Project Background & Motivation
Active learning (AL) mitigates the heavy annotation costs of deep learning by strategically querying the most informative unlabeled samples. However, traditional AL paradigms rely on a fragile "closed-world" assumption: that the unlabeled pool perfectly reflects the distribution of the labelled seed set. In real-world deployments, this is rarely true. Data streams are inherently non-stationary, subjected to temporal drift, environmental domain shifts, and the continuous emergence of novel categories (open-set conditions).
Under such distribution drift, standard AL frameworks—particularly those reliant on epistemic uncertainty or entropy-based querying—become catastrophically brittle. They fall victim to the purity-informativeness dilemma: the acquisition function cannot distinguish between highly informative in-distribution samples and out-of-distribution (OOD) noise. Consequently, the model wastes vital labelling budgets on anomalous samples that are impossible to classify, yielding negligible performance gains or even inducing catastrophic forgetting.
To bridge the gap between theoretical AL and real-world deployment, this PhD project will develop resilient active learning methodologies capable of operating under severe distribution drift. By decoupling OOD filtering from informativeness scoring and leveraging adaptive, drift-aware querying strategies, this research aims to maintain high label efficiency in non-stationary environments, supported by reproducible benchmarks and principled evaluation protocols.
Key Objectives
-
O1: Drift-aware querying: Develop acquisition functions that explicitly account for drift and open-set contamination.
-
O2: Robust uncertainty estimation: Improve calibration and uncertainty reliability under drift (e.g., ensembles, Bayesian approximations, conformal prediction).
-
O3: Joint OOD detection + AL: Combine selection with OOD filtering/triage policies that decide what to label, what to defer, and what to reject.
-
O4: Human- and compute-aware AL: Incorporate labelling cost, label noise, and selection-time constraints into AL design.
-
O5: Standardised benchmarks: Build or extend a platform (e.g., ALScope-like) for CV + NLP drift settings: open-set, imbalanced, and temporal drift.

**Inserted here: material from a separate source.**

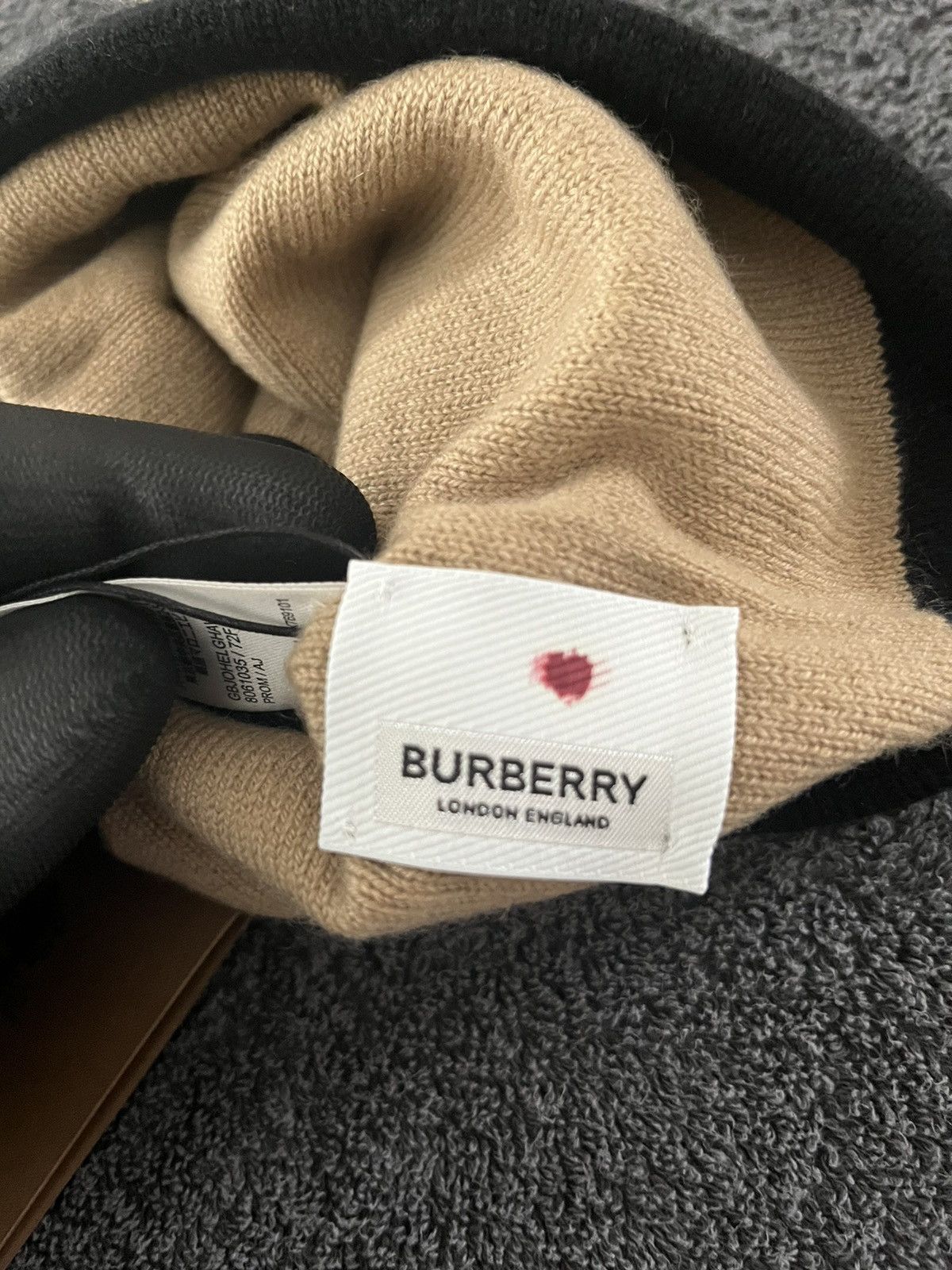 Burberry Burberry Logo Intarsia Cashmere Beanie Size ONE SIZE - 11 Thumbnail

Aimed Publications (Targets)
-
NeurIPS / ICML / ICLR (method + theory)
-
ACL / EMNLP (NLP drift settings)
-
TPAMI / JMLR (benchmark + comprehensive study)
Required knowledge
-
Strong Mathematical Foundation: Demonstrated expertise in Probability and Statistics, Linear Algebra, and Optimisation. A deep understanding of Bayesian Inference (e.g., Variational Inference, Monte Carlo methods) is highly preferred.
-
Machine Learning Expertise: Mastery of Deep Learning fundamentals, including experience with Vision Transformers (ViTs), Generative Models (e.g., Diffusion or VAEs), and Self-Supervised Learning.
-
Information Theory: Familiarity with concepts like Entropy, Mutual Information, and Kullback-Leibler (KL) Divergence, which are critical for designing acquisition functions.
-
Deep Learning Frameworks: Advanced proficiency in PyTorch. The candidate must be able to implement custom training loops, handle complex data pipelines, and modify model architectures.
-
Software Engineering: Strong Python programming skills, including experience with version control (Git) and writing clean, reproducible, and modular code.